AIM OF THE EXERCISE: Return exactly the lines of the data below, from the one that contains "KOBAYASHI Nino Cure Medicated Cream 30g" through the final line, and leave out every picture.

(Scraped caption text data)
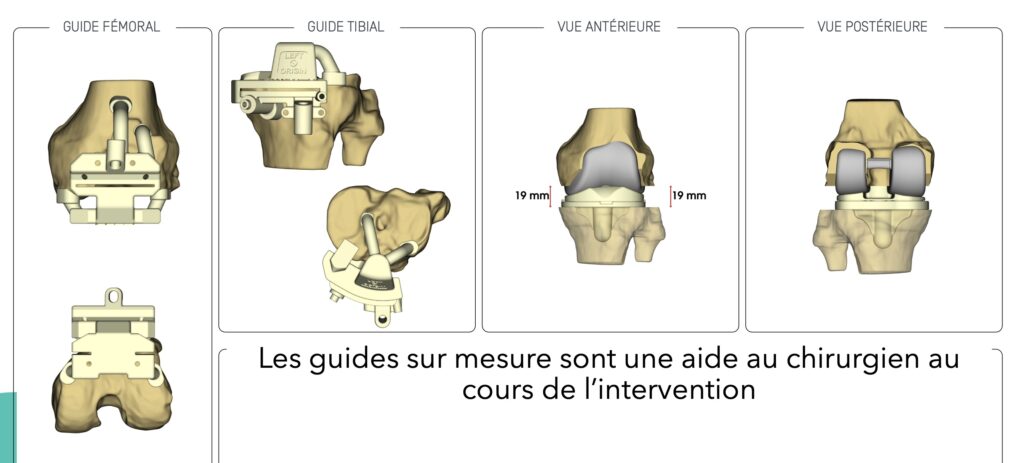Prothèse de genou sur mesure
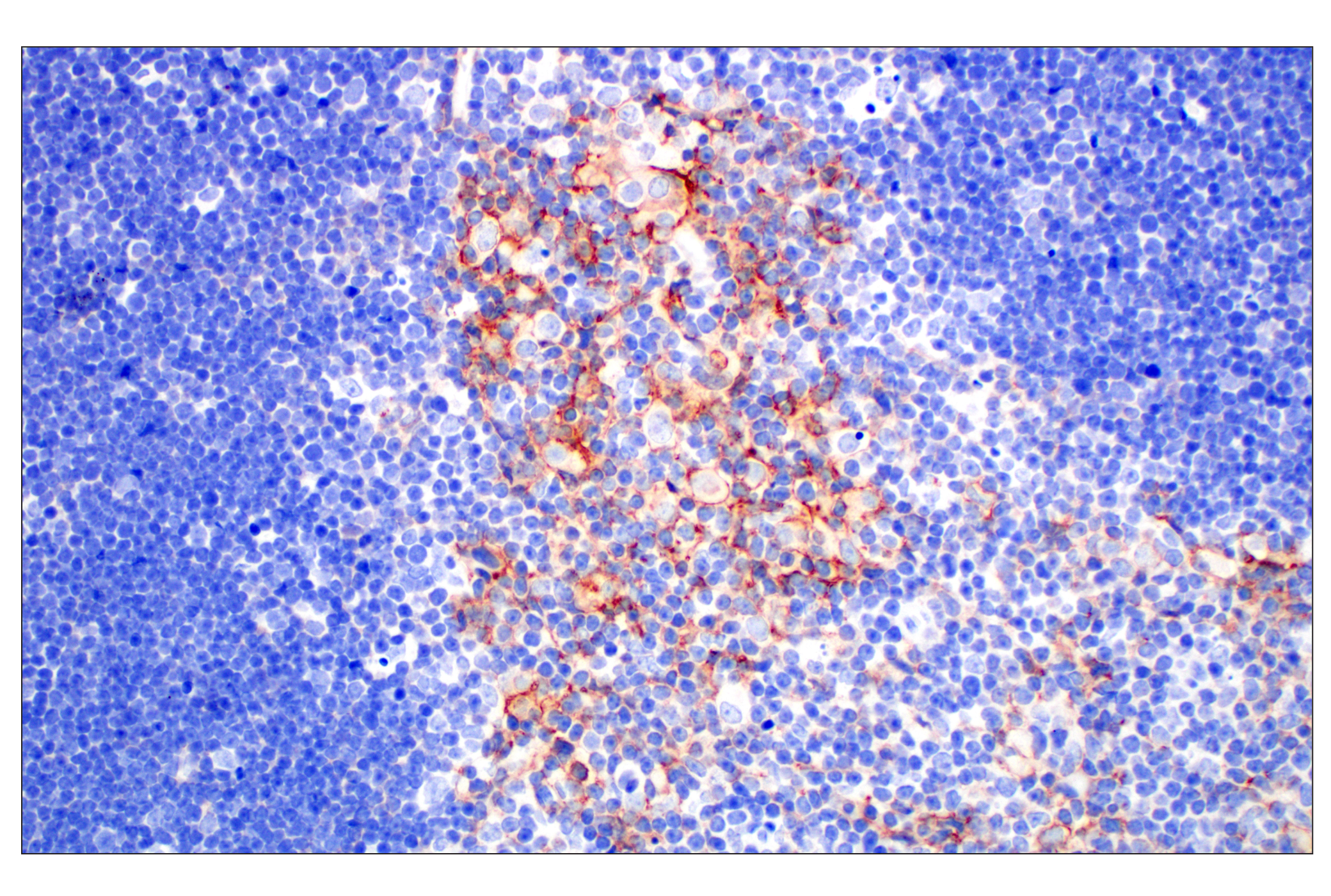 Immunohistochemistry Image 3: EpCAM (D9S3P) Rabbit mAb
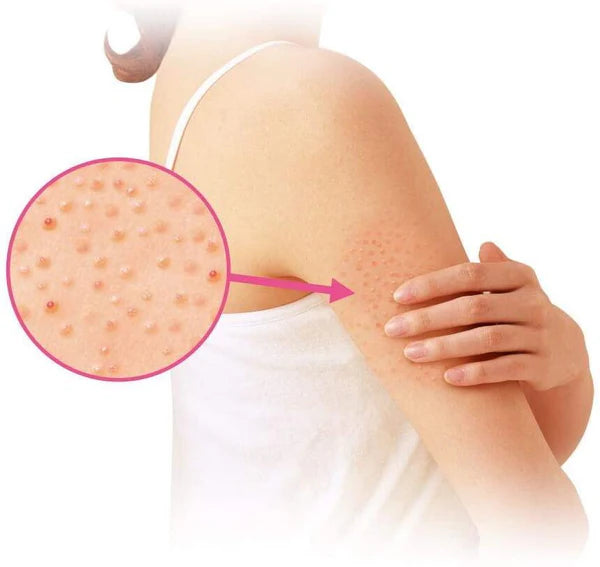 KOBAYASHI Nino Cure Medicated Cream 30g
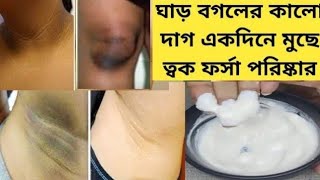 গোপন অঙ্গের কালোদাগ দূর করে ফর্সা করবেGopon jaiga poriskar korar upayPrivate part Whitening Remedy [upl. by Ayeki]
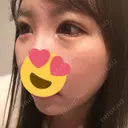 目尻切開 / タレ目形成・グラマラスライン（切開） B-LINE CLINIC 池袋院 DAY 6 サムネイル用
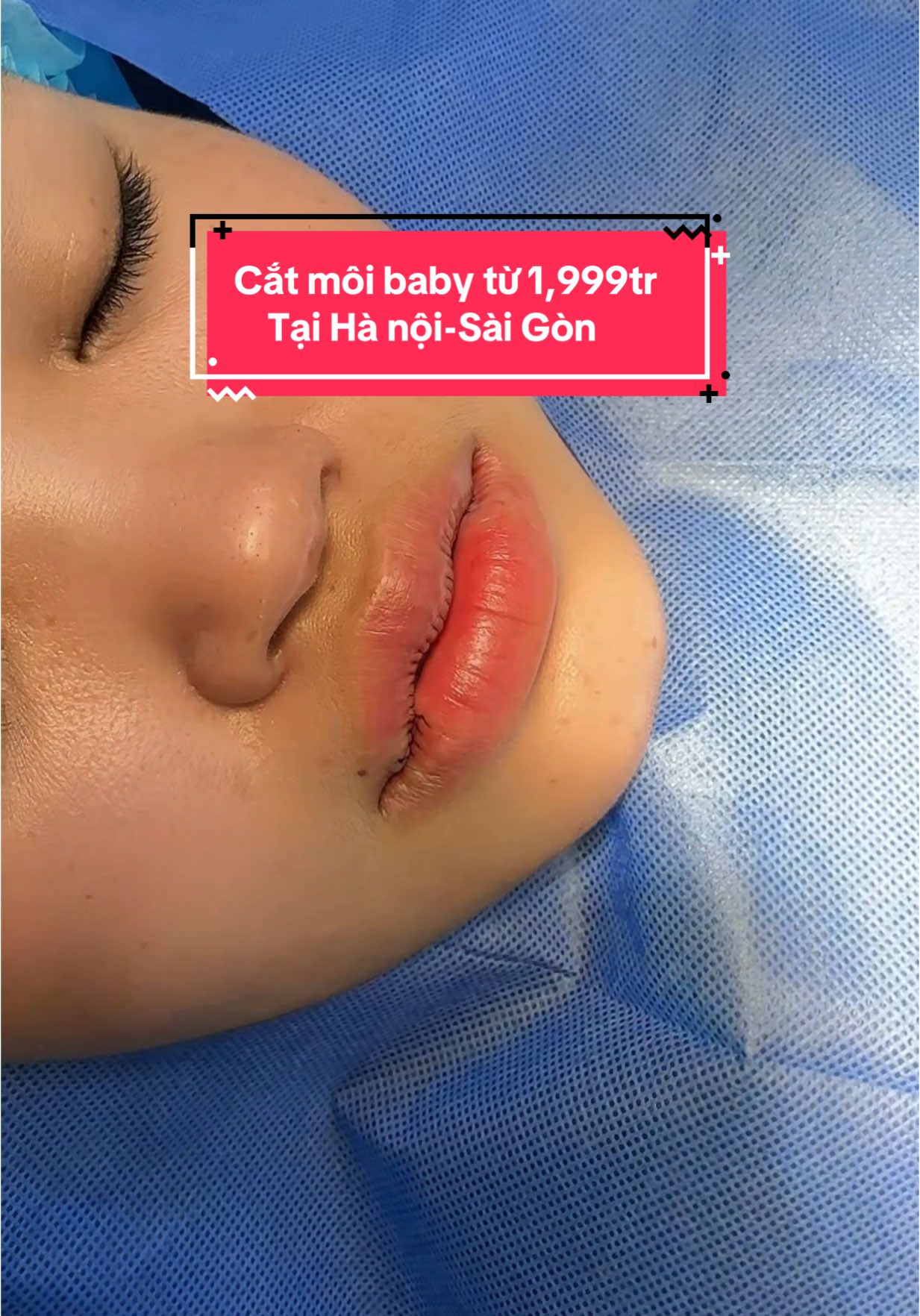 Cắt môi baby từ 1,999tr      Tại Hà nội-Sài Gòn #trending #cătmoitim #cắtminideep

TASK RESPONSE:
 KOBAYASHI Nino Cure Medicated Cream 30g
 গোপন অঙ্গের কালোদাগ দূর করে ফর্সা করবেGopon jaiga poriskar korar upayPrivate part Whitening Remedy [upl. by Ayeki]
 目尻切開 / タレ目形成・グラマラスライン（切開） B-LINE CLINIC 池袋院 DAY 6 サムネイル用
 Cắt môi baby từ 1,999tr      Tại Hà nội-Sài Gòn #trending #cătmoitim #cắtminideep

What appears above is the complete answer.